Kessler hired scientist Ljuba Lyass to cultivate the four stem cell lines in his lab. It’s a full-time job.
“Stem cells are very hard to grow,” Lyass said. “They’re not like other tissue culture cells. They’re more picky.”
Each line has its own preference for the kind of media in which it will grow, but the general recipe includes artificial protein, salt, sugar and growth factors that signal to the cells not to differentiate, that is, become other kinds of cells.
The first stem cell lines, including those created before Aug. 9, 2001, were grown on mouse feeder cells. These feeder cells are minced and treated embryonic mouse cells that secrete growth factors into the media, “which makes it tasty for human cells,” Lyass said.
Many lines still survive on this diet.
“You always have to have those mouse cells growing,” Lyass said. “That feeder’s only good for two weeks. And then you have to start all over again.”

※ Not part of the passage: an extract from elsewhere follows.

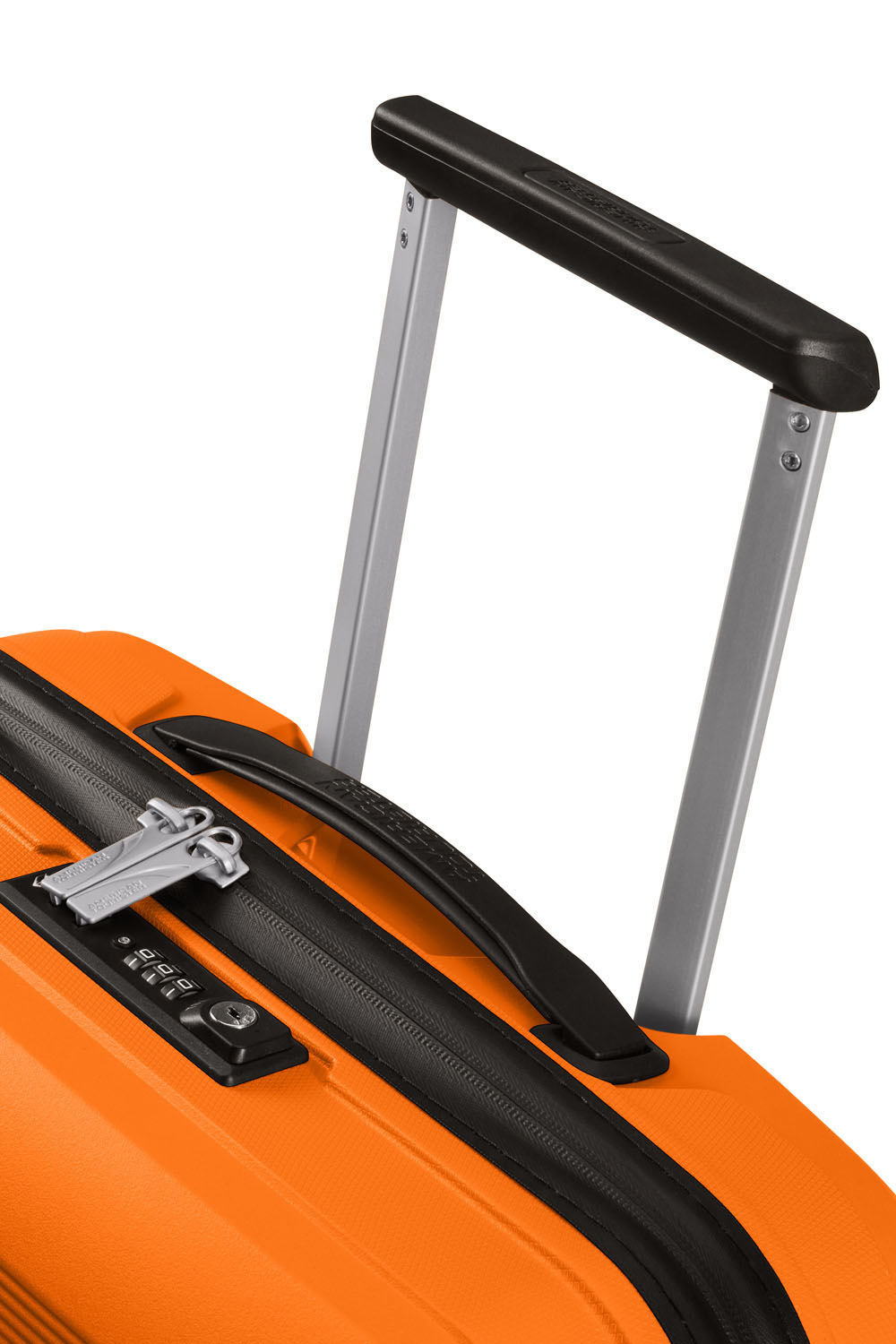 American Tourister Airconic Handgepäck Trolley 55cm mit 4 Rollen + GRATIS HOTELGUTSCHEIN Mango Orange American Tourister Airconic Handgepäck Trolley 55cm mit 4 Rollen + GRATIS HOTELGUTSCHEIN Mango Orange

Last year, Lyass started buying small quantities of a newly developed artificial medium that can replace the mouse feeder cells. The artificial medium costs $250 or more per bottle, whereas the medium that requires mouse feeder cells costs between $12 and $15, she said.
“I would’ve probably never even tried to buy it because it’s so expensive,” Lyass said. “But I saw how the cells look on that media, and I already knew it was a great thing… They don’t differentiate at all. They look very pretty, easy to maintain.”
Researchers do not know whether interaction with mouse cells has affected the validity of studies of human stem cell lines, Kessler said. But he would prefer to use lines that have not been in contact with animal cells.
“If we had a different federal policy, then I would’ve in an eye blink used some of the newer cell lines in the projects that are ongoing in the lab,” Kessler said. “I don’t think that in the long term it’s possible for this field to not study new lines.”
Whatever next inhabits “stem cell land” may depend on whoever next inhabits the White House.